**The problem**
Look below for the line holding "patio terrace at" and the line holding "Happy kids silhouettes". Repeat those two and everything between, exactly.

**Provided records**
*** Block opens ***

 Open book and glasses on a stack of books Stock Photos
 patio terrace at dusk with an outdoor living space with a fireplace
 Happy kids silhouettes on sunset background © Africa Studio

*** Block closes ***
*** Block opens ***

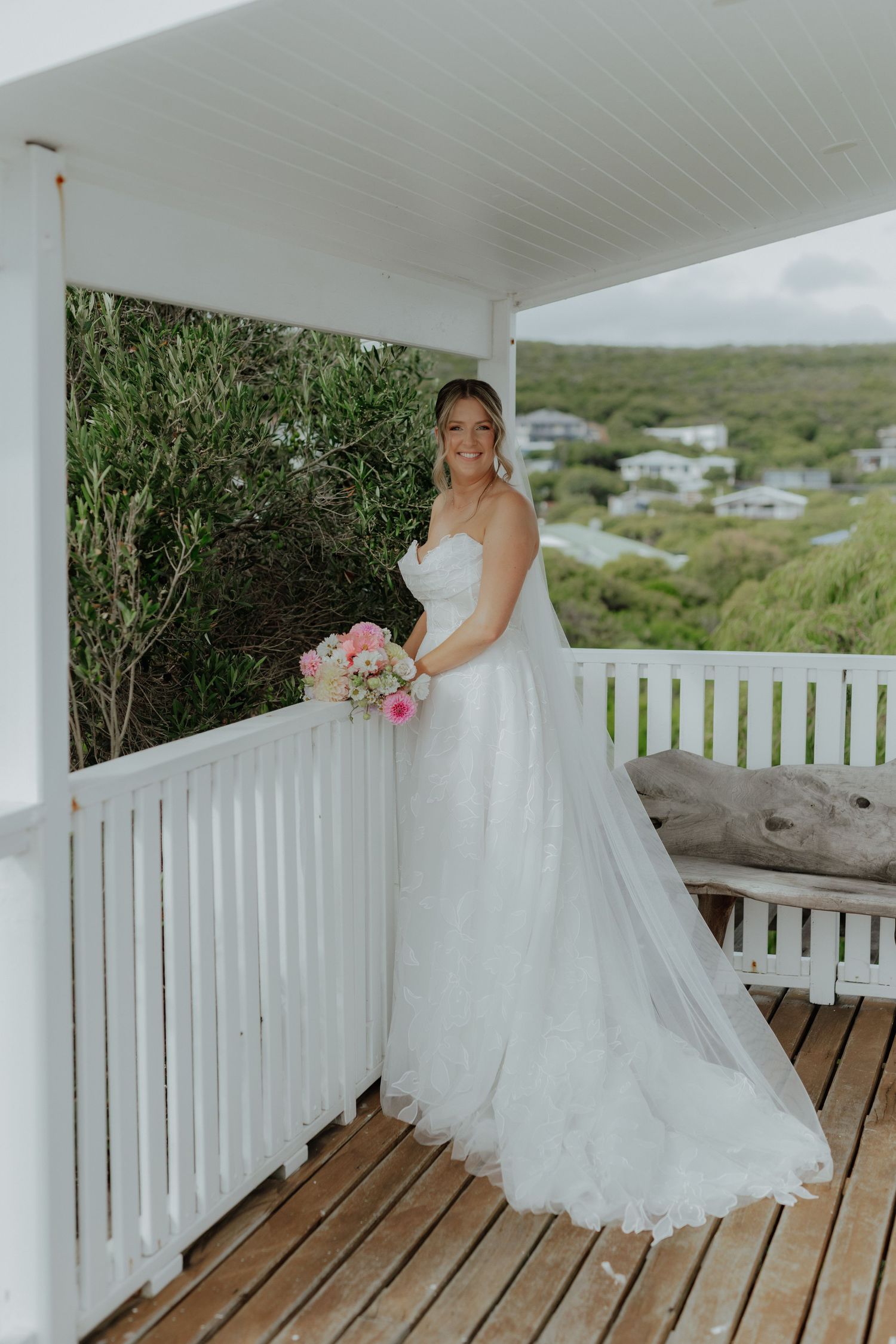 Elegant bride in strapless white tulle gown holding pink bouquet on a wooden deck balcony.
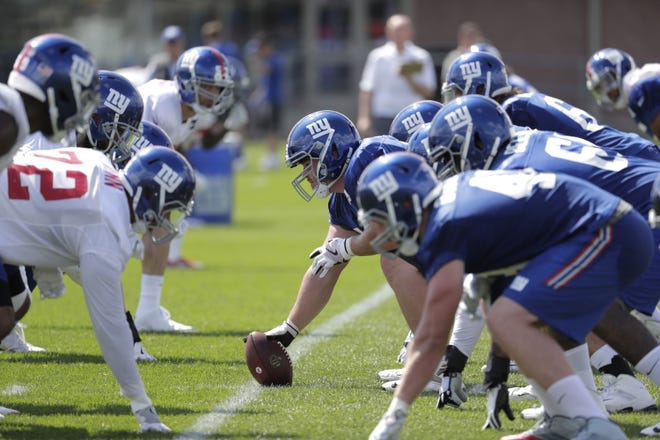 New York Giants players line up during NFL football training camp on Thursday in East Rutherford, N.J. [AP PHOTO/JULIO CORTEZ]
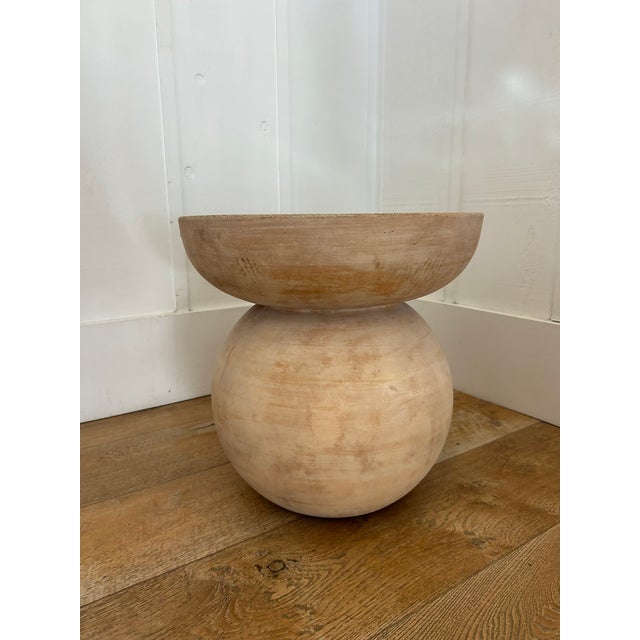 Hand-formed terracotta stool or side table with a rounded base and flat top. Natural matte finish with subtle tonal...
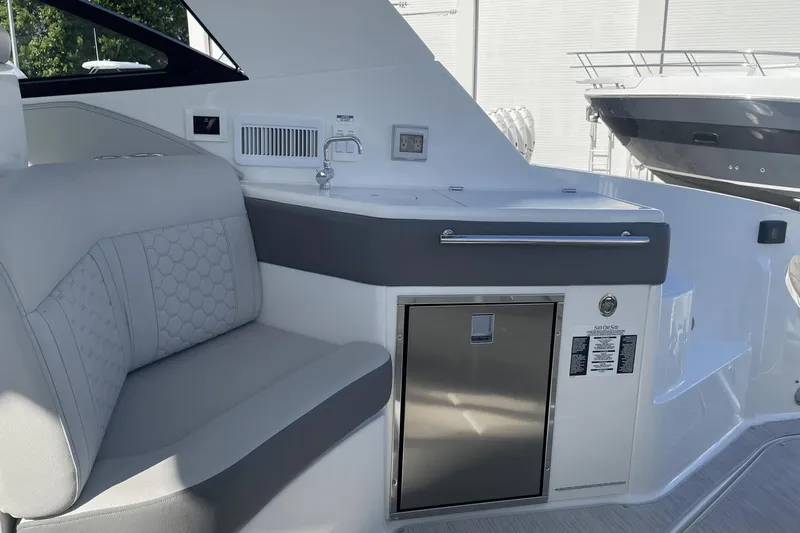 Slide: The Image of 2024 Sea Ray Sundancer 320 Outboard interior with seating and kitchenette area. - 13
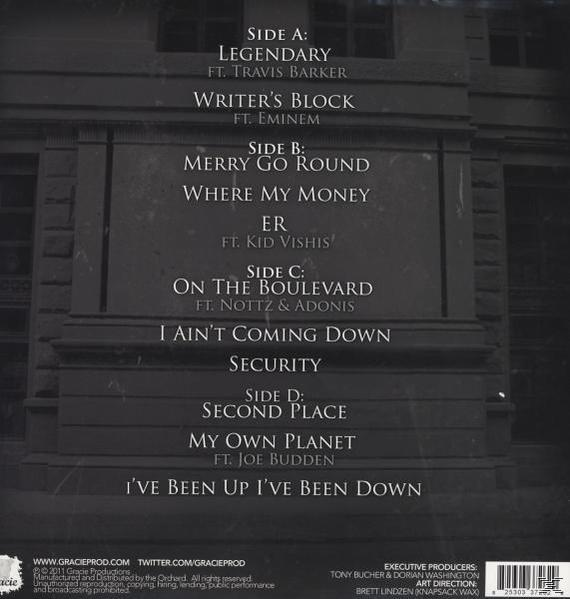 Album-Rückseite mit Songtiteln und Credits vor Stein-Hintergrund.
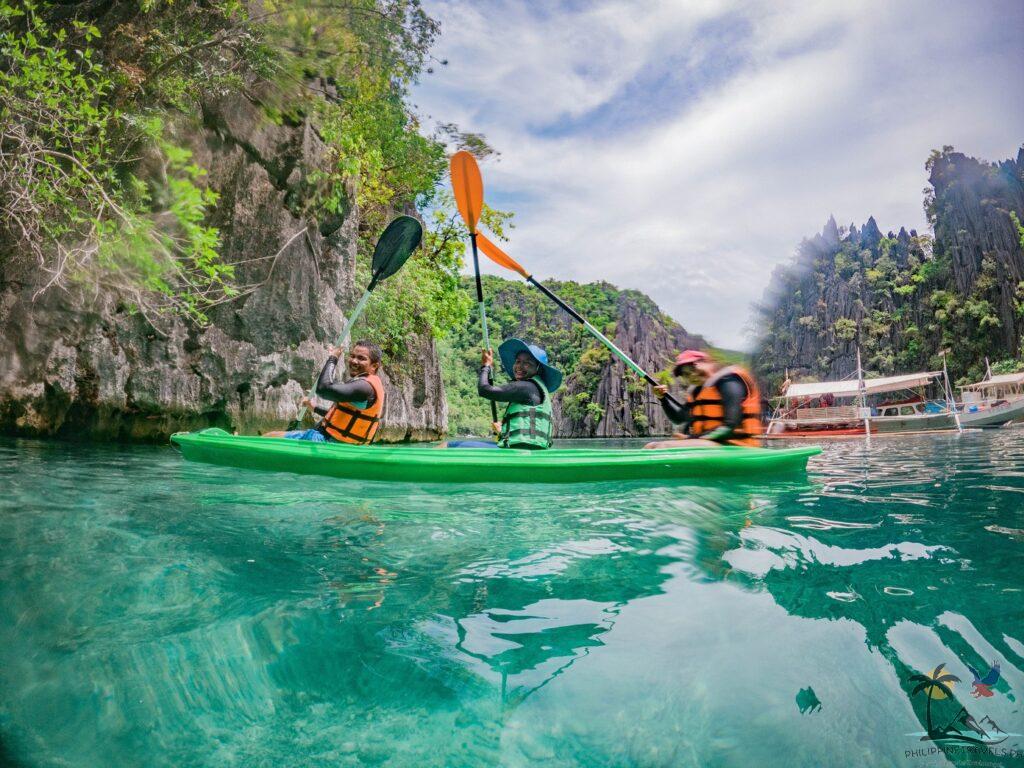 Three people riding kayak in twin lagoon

*** Block closes ***

**Response to this exercise**
 patio terrace at dusk with an outdoor living space with a fireplace
 Happy kids silhouettes on sunset background © Africa Studio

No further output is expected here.